Quattro brani per un (relativamente) breve ma intensissimo viaggio tra le pieghe di un sound dalle mille sfaccettature, ricco di spunti notevoli ma allo stesso tempo assolutamente inquadrabile: siamo a cavallo tra lo stoner più diretto e acido e psichedelia di (prevedibile ma non banale) settantiana memoria, il tutto arricchito da un’intenzione sinistra e inquieta. La ricchezza di dissonanze, melodie irregolari e oblique non presenta intenti sperimentali (nell’accezione moderna del termine), preferendo richiamare un certo progressive rock di matrice “oscura”, se non la scuola dei grandi gruppi dediti al rock pseudo-satanico della fine degli anni ‘60 (dai Coven ai Black Widow). Non mancano leggerissime tendenze bluesy nei fraseggi chitarristici e vocali (ascoltare in proposito “Square The Circle”): è proprio questa componente che, seppur presente in minima parte, rimanda direttamente allo stoner rock più classico e retrospettivo. A metà tra Black Sabbath (inevitabile nominarli quando si analizzano lavori del genere) e Electric Wizard si staglia una sezione ritmica ricca di groove mefitico, essenziale e precisa; i riff provengono direttamente dalla scuola di Sabbath Bloody Sabbath, senza però scadere nell’imitazione (ascoltare in proposito l’ottima“May You Rest In Slowmotion”). Convincente la performance della voce femminile, sicuramente da considerare come uno dei punti di forza del giovane combo: in particolare ascoltando “In The Darkness”, opener dell’album, viene spontaneo il paragone con Alia O’Brien, voce dei grandiosi Blood Ceremony, timbricamente differente ma concettualmente affine.
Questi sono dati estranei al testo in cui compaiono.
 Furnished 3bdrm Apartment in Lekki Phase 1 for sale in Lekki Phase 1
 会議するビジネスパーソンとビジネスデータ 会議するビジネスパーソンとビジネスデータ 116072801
Gli Shinin’ Shade sono una realtà valida e interessante, accessibile ad un vasto pubblico, dall’appassionato di progressive rock a quello di metal estremo; la varietà di soluzioni adottate in questo Slowmosheen risulta comunque riconducibile ad un intento chiaro, evitando di precipitare nel limbo delnon-genere (ultimamente tanto agognato quanto spietato). A questo punto non ci resta che sentire di più.